If your pup has come home from the breeder doing resource guarding, you need to dig into the recent history. Do the parents do this (an indication of genetics)? What type of handling did the breeder use that may have fostered this lack of trust in the pups? Were the pups handled enough in an appropriate manner? Did their kids tease the pups with food or toys? Learning he history will help you figure out the right way of approaching it and how long it might take to overcome, especially if it is an established habitat at that tender age.

Living with Other Dogs
If your dog lives with another dog, ensure that behavior around feeding times is calm. Start by feeding one in a crate or behind a baby gate, before feeding them at opposite ends of the room before moving them incrementally closer together. Both dogs need to learn the presence of another dog near his food or toys is a good thing. Treats appear when the other dog is near.  When the other dog moves away, the treats stop coming.

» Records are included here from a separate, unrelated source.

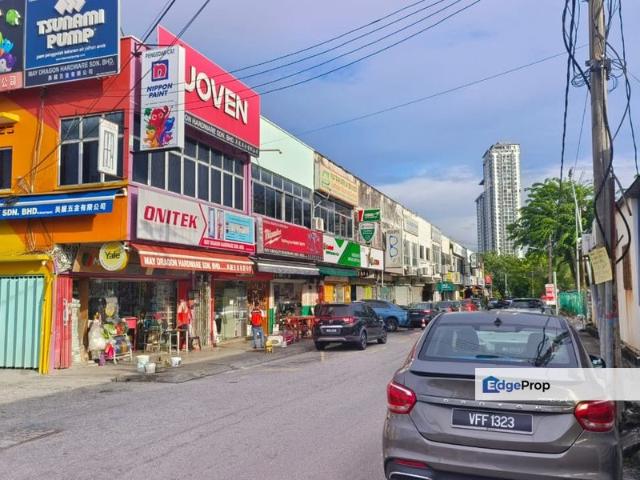 Shop for rent in Country Heights Damansara, Kuala Lumpur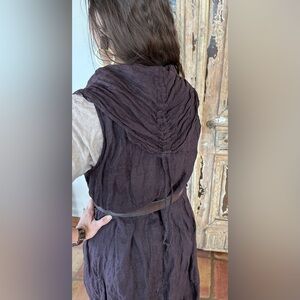 Sarah Pacini Linen cardigan vest w/Metal thread shown w/Magnolia Pearl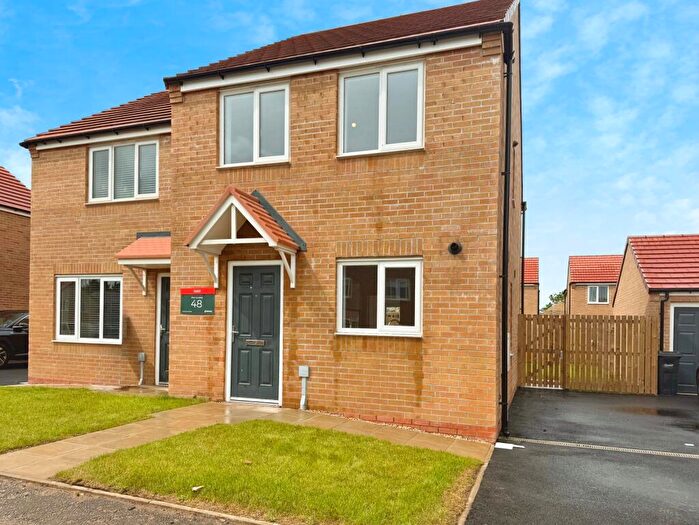 3 Bedroom Semi-Detached House To Rent In Bradshaw Way, Gainsborough, DN21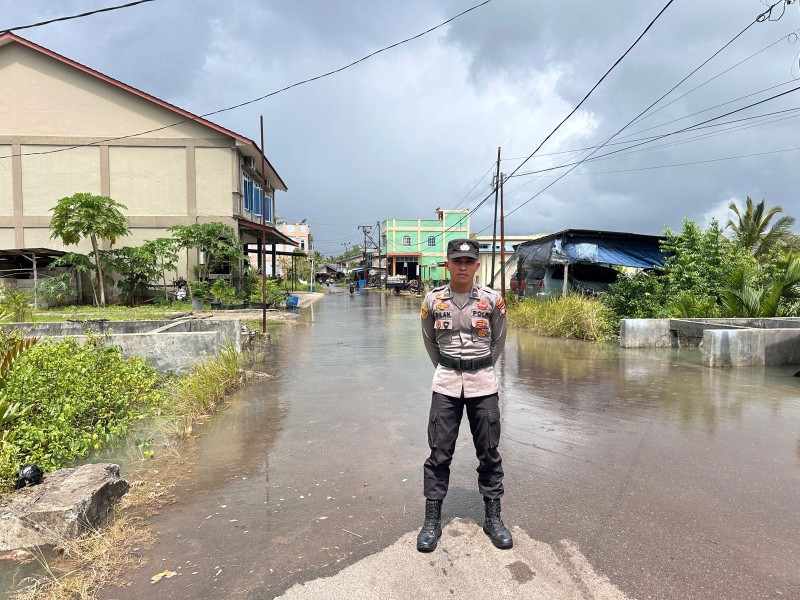 Waspada Banjir Rob  Pesisir, Polsek Daik Lingga Intensifkan Patroli dan Himbauan kepada Warga.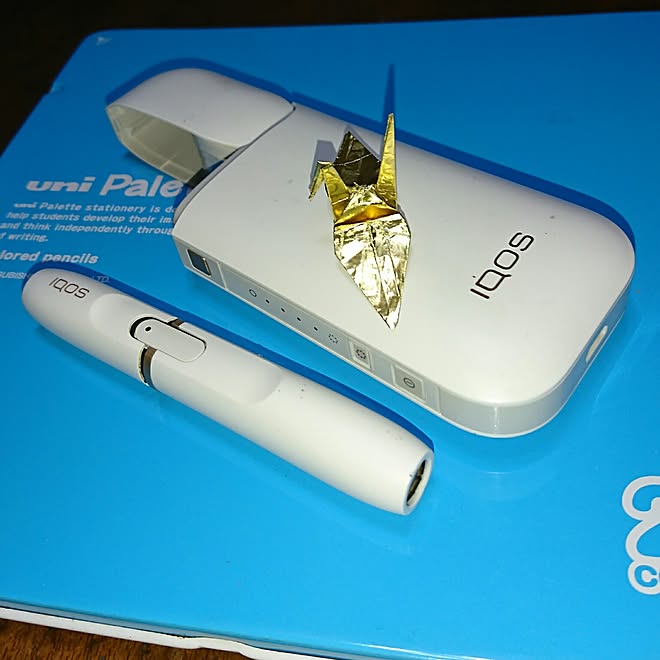 机 アイポス 色鉛筆24色入ケース 折り鶴 タバコ などのインテリア実例 17 06 00 40 35 Roomclip ルームクリップ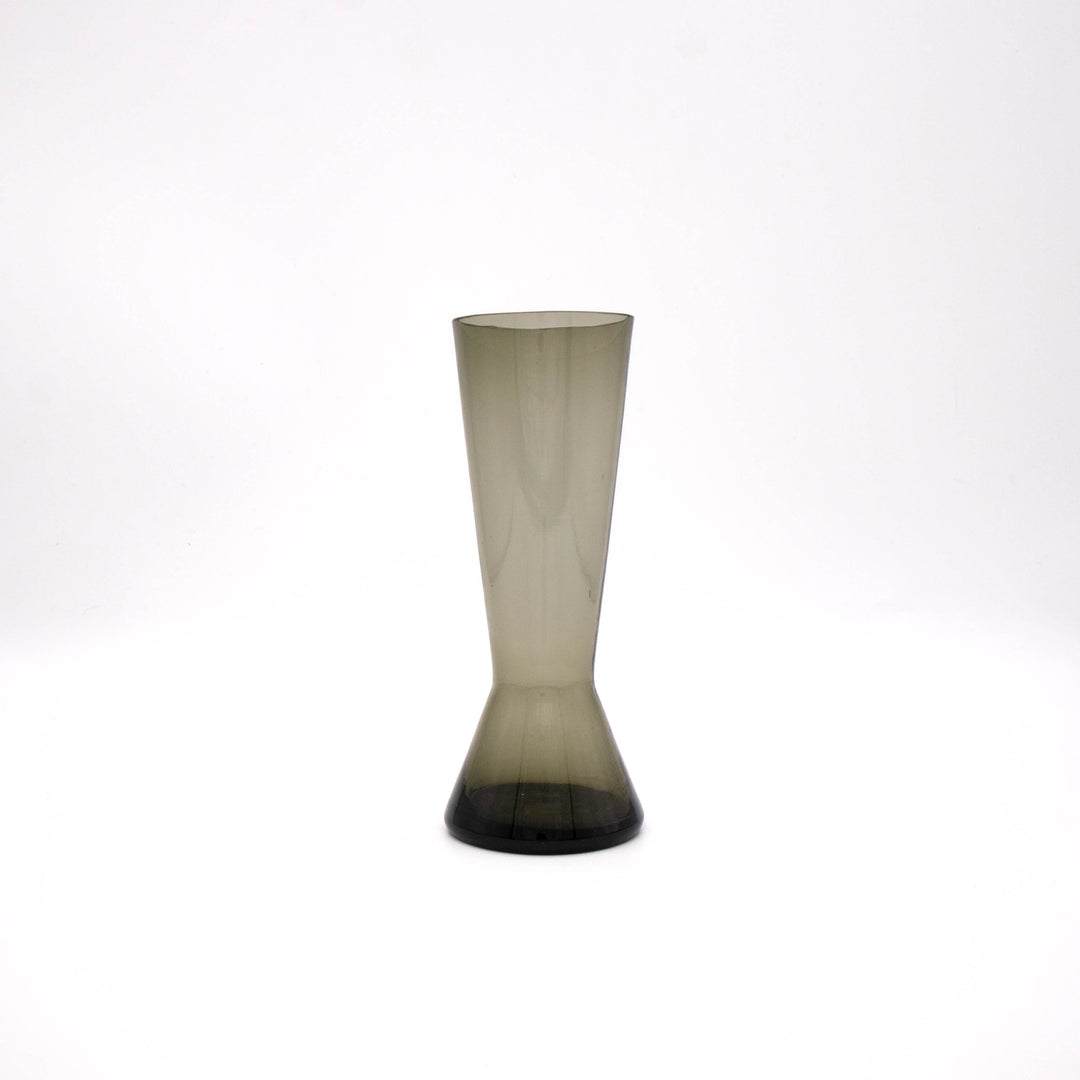 Vintage Kleine Trichtervase aus Rauchglas, Vorderseite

Teaching your dogs to take turns with other dogs for doing behaviors and getting rewarded for doing so is a great way to approach it. Make sure to generalize it to many other dogs, known and unknown to your dog.

In Public
Avoid feeding your dog in public. If you are away from home, take your dog to a private location to feed him. Put him in your car, a crate or behind a locked door. This will help to keep his stress level low and prevent strange dogs and people from approaching while he eats. 

Teach your dog to take turns while training with other dogs. That way, when food is used for training, he will know that his turn is coming and he will be able to earn his the food ad will not get anxious about it.

Choose the value of toys used in public carefully. Avoid using bones, pigs ears, stuffed Kongs etc that other dogs may find valuable unless your dog is in a location with no other dogs. If you are trying to increase duration of your dog settling in public, use hand-delivered treats instead so you can control when, how and to whom they are delivered.